BRIMSTONE falls into that fairly recent sub-genre of western/horror hybrids, much like BONE TOMAHAWK. It hews pretty closely to traditional western themes of moral retribution, the pursuit of justice from the victimized against those that wield their power or upper hand unforgivingly, and pioneering spirit that prevails against the harshest of life situations or cards that are dealt. However, it also adds a much more brutal and bloody tinge to the proceedings. If someone is going to be killed, they may also be gutted and choked with their own entrails. If “justice is to be handed out, it may be by literally cutting one’s tongue out. John Wayne and Jimmy Stewart never crossed the path of horrors such as the kind that Guy Pearce’s insanely devout preacher metes out.
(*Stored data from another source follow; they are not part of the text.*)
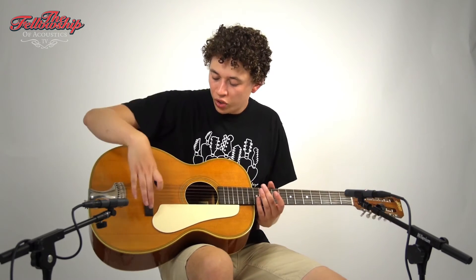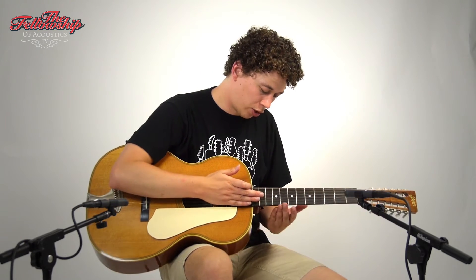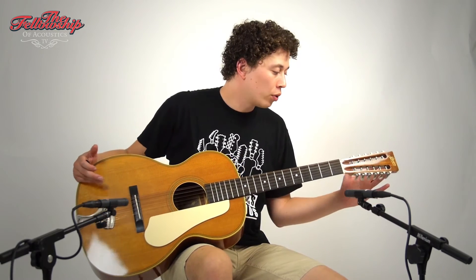Hey guys, Nikia for the Fellowship of Acoustics, and you just heard this beautiful Bown 12-string made in 1998. This guitar features mahogany back and sides with a spruce top, an ebony bridge with a beautiful saddle, ebony fretboard on a mahogany neck with 12 frets to the body, a beautiful slotted headstock and six-on-a-plate tuners.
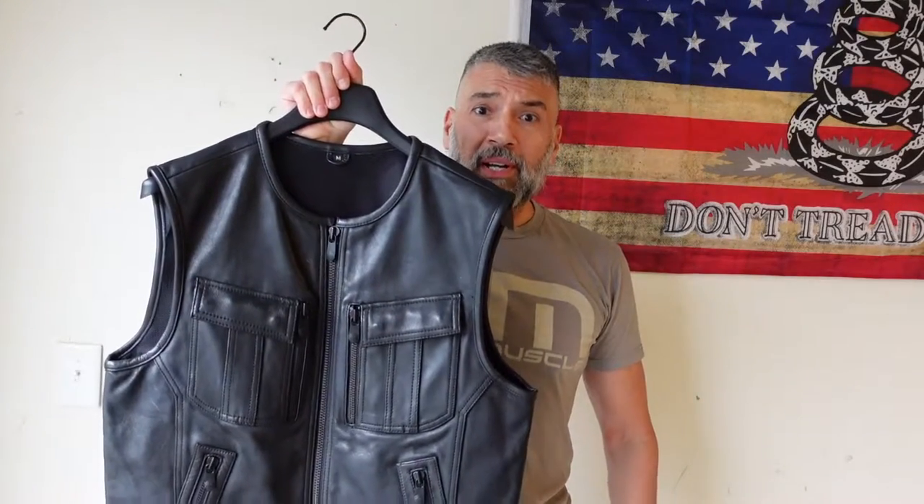OMG Nation, on today's episode it's a review on the First Manufacturing Company Unbeatable Men's Motorcycle Leather Vest.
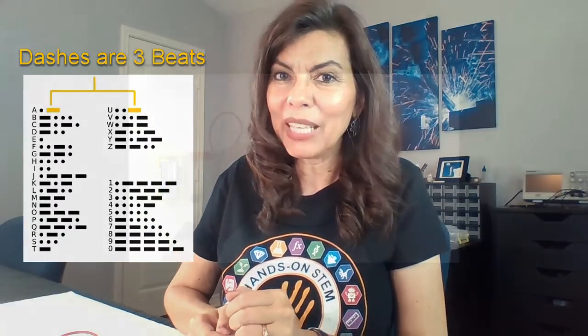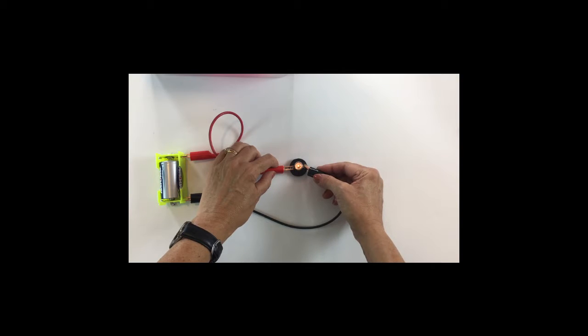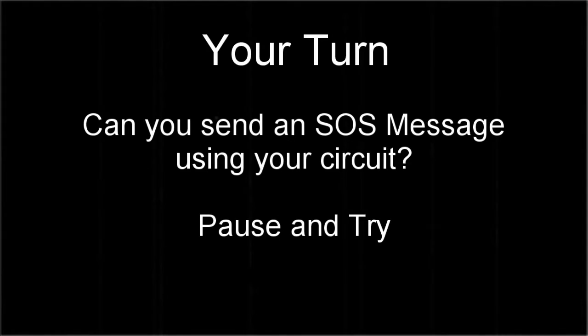And those dashes are supposed to last three beats: one, two, three. So now let's see if you can figure out how to send an SOS message using your circuit — you can pause the video here and I'll show you right afterwards so you can check yourself. An S is three dots, and an O is three dashes.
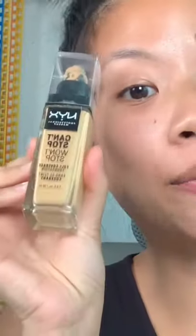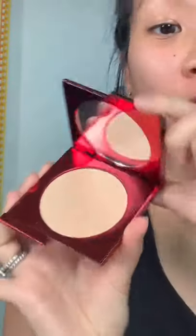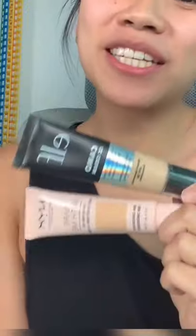These are liquid foundations and you can blend it out with a beauty blender. There's also a liquid drop foundation that's sheer to full coverage so you just layer on. There's a powder foundation and you can apply it with a sponge. You can use tinted moisturizers or CC creams in order to get a very light coverage.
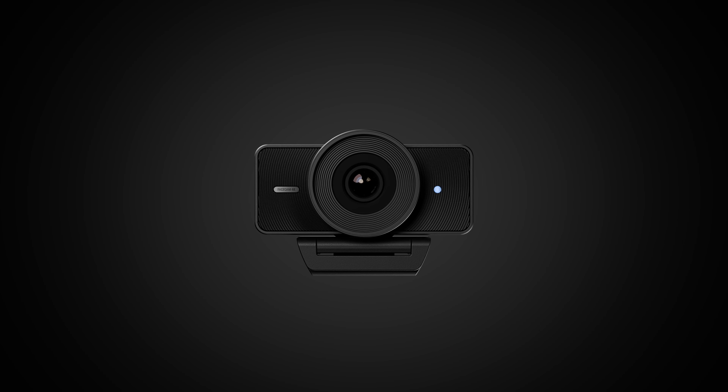Hey, check this out. Seeing is believing, and what you are watching is real, ungraded and unedited footage captured with Elgato FaceCam 4K. Hi, I'm Phil from Elgato, and this is FaceCam 4K.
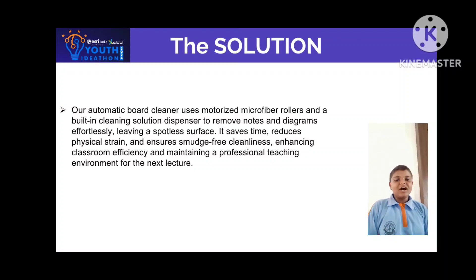The solution we found for this problem is our automatic board cleaner, which uses motorized microfiber rollers and a built-in cleaning solution dispenser to remove notes and diagrams effortlessly. Leaving a spotless surface, it saves time, reduces physical strain, and ensures smudge-free cleaning.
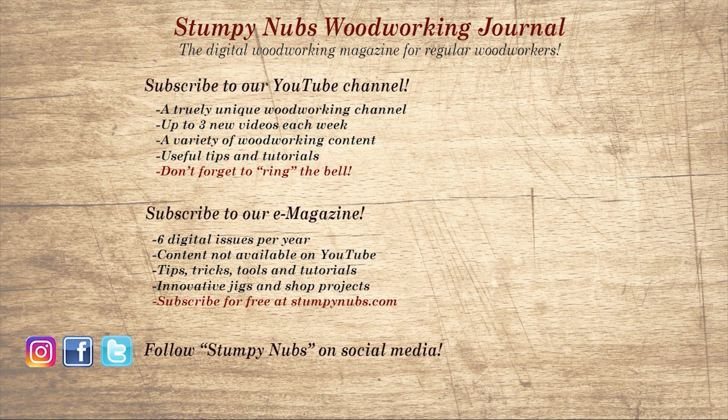Wait, don't go yet. If you're new here, please subscribe and remember to ring the bell — I would really appreciate that. Give us a thumbs up, or better yet, leave us a comment; I always read them. And be sure to check out the latest issue of Stumpy Nub's Woodworking Journal — it's always packed with tips, tricks, and tutorials designed to make you a better woodworker.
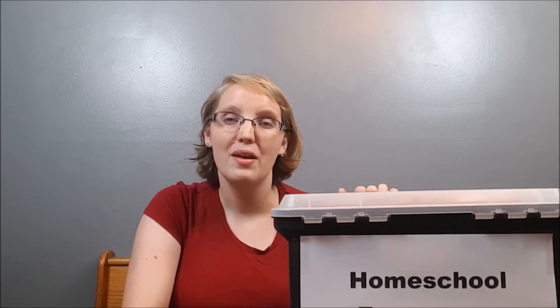Think of this box like your substitute lesson plans — for those days when you need to call in a sub. The kids are not allowed into this box except on those days when we need it, so everything in it is fun and new and exciting. They look forward to it. Keep that list of things you can do on rough days handy so you know it's there when you need it.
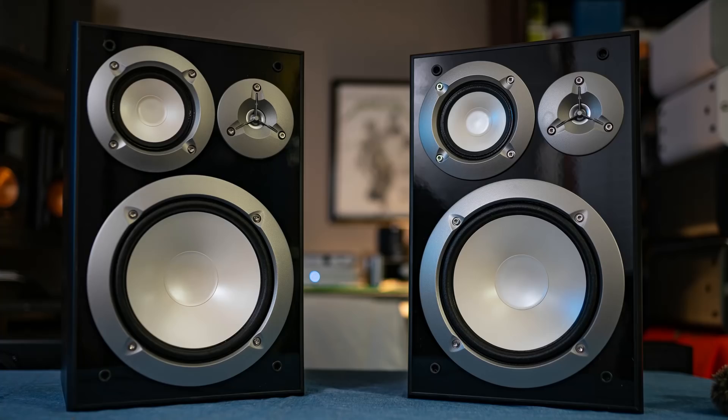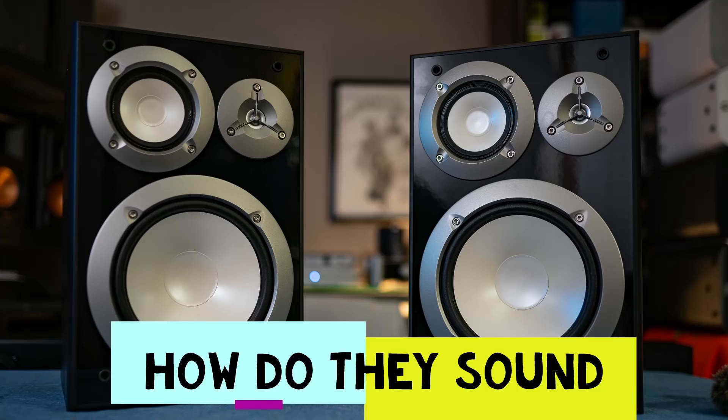Let's talk about how they sound. Surprisingly, they don't sound very bad with certain caveats. The tweeter on the interior is in the same position on both the left and right speaker — so they're not offset. Does that affect imaging and soundstage? Yeah, it sure does. Actually, they imaged and soundstaged surprisingly well. They had a pretty good center image. I didn't notice much about the soundstage, but I knew they imaged okay.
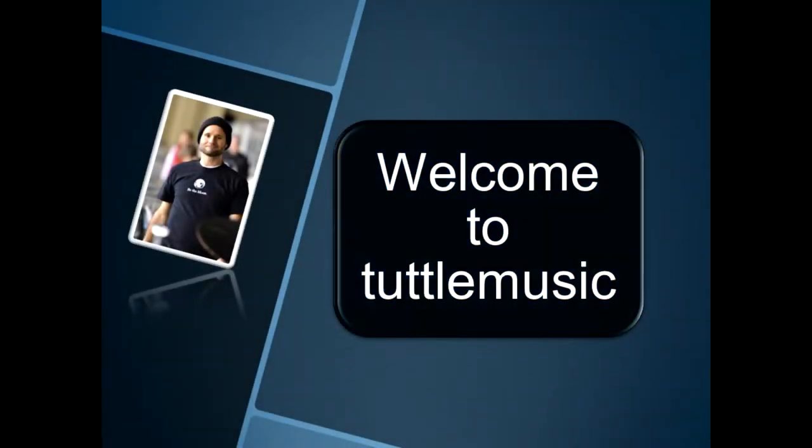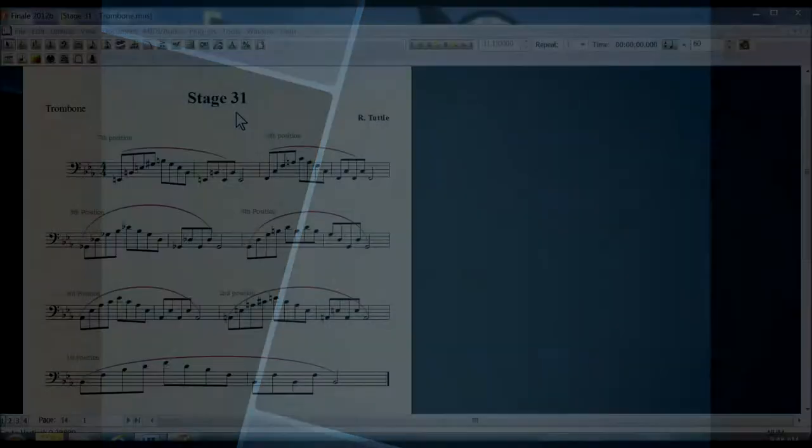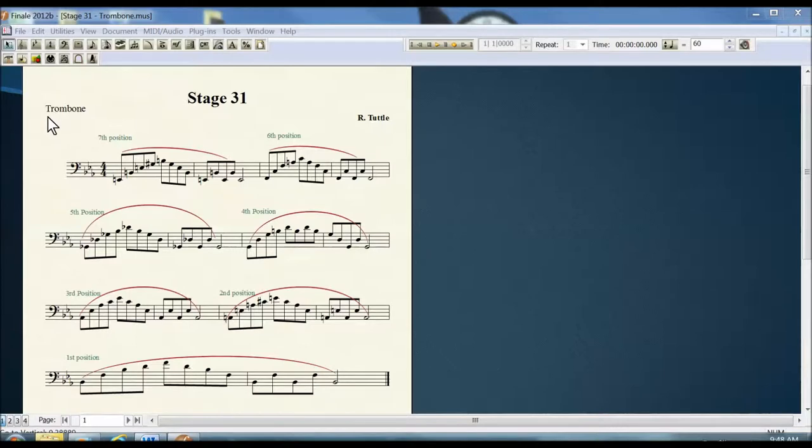Welcome to Tuttle Music. Stage 31 Trombone. In this stage, you will learn to play some arpeggio exercises. An arpeggio is a group of notes which are played one after the other, either going up or going down.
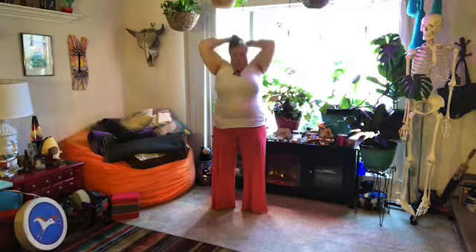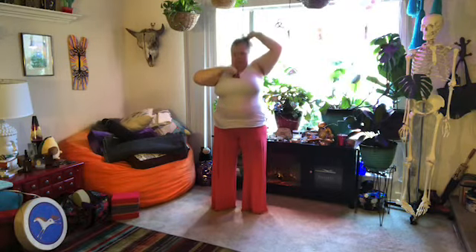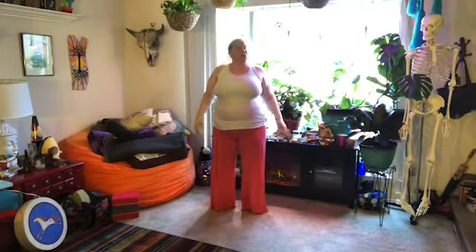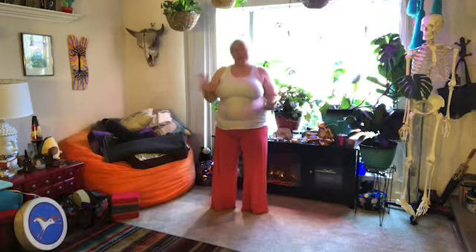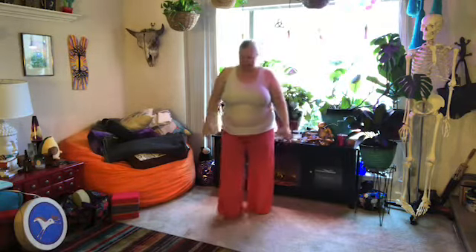Good afternoon and welcome to a little lunchtime tai chi. Today we're going to do a warm-up, then about 10 minutes of Sun yoga — the Sun short form. We're going to do a pattern where we go left and right, so to the right and then to the left a few times. It'll be a little different pattern than what we've done in previous lessons.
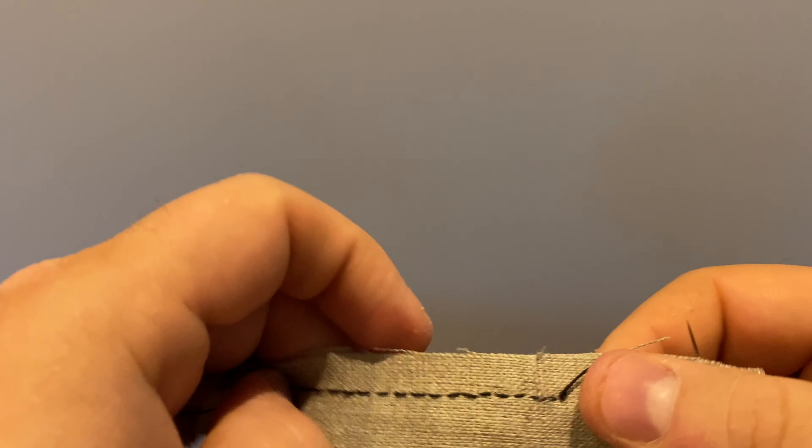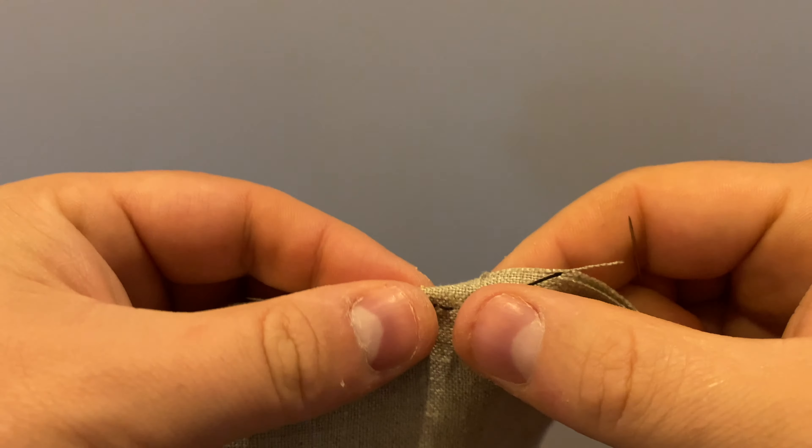Take the seam allowances and fold them over once and run a basting stitch through them to keep them in place.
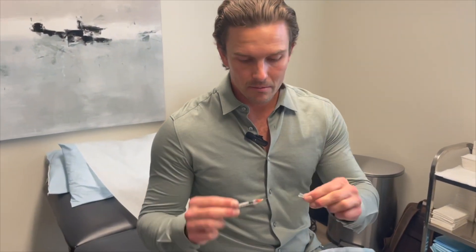Put the cap back on the needle and replace it on the syringe. Always make sure that you dispose of your syringe inside some kind of plastic container, which can then be taken to a medical recycling facility.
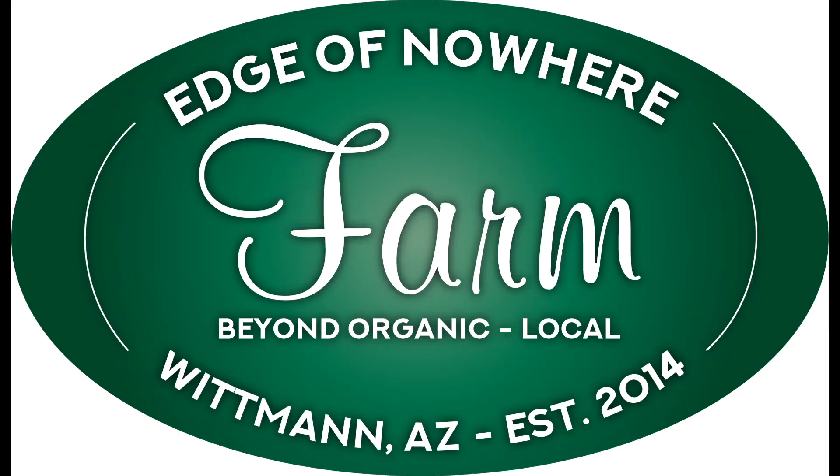It is time to get electricity to this outbuilding. Hello everyone, this is Dwayne with Edge of Nowhere Farm, coming to you here this morning — it's early May 24th, 2020. We have the outbuilding done — I'll go ahead and link that for you — and now of course we need to get electricity to it.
Beyond that, the film doesn’t try to reinvent the wheel, so to speak, when it comes to the formula. Yes, it is unforgivingly violent, and frequently – literally perverse, and twisted, but ultimately the strength of the film falls on the two leads, Fanning and Pearce, as well as a supporting turn by “Game of Thrones” star, Kit Harrington, as a gunslinger who becomes an ally to Liz, during an earlier chapter of her life. All three weird their star-power with plenty of charisma and screen presence worthy of a classic Hollywood studio film, and that is what the film smartly plays as its winning hand when it is all said and done, delivering the fire and brimstone.